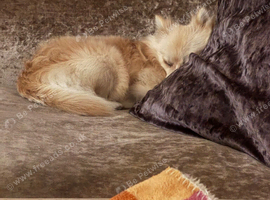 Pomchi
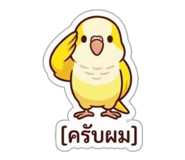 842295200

______________________________

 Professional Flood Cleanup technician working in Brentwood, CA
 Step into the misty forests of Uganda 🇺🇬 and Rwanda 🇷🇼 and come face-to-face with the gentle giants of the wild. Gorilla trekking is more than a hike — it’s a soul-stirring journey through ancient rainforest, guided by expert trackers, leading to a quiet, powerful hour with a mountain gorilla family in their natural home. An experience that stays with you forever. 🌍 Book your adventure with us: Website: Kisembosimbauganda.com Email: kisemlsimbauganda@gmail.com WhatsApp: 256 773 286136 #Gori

______________________________

What you have to do:
Looking at the records above, return exactly the lines from the line with "Professional Flood Cleanup" to the line with "Step into the", both ends included.

Answer to the exercise:
 Professional Flood Cleanup technician working in Brentwood, CA
 Step into the misty forests of Uganda 🇺🇬 and Rwanda 🇷🇼 and come face-to-face with the gentle giants of the wild. Gorilla trekking is more than a hike — it’s a soul-stirring journey through ancient rainforest, guided by expert trackers, leading to a quiet, powerful hour with a mountain gorilla family in their natural home. An experience that stays with you forever. 🌍 Book your adventure with us: Website: Kisembosimbauganda.com Email: kisemlsimbauganda@gmail.com WhatsApp: 256 773 286136 #Gori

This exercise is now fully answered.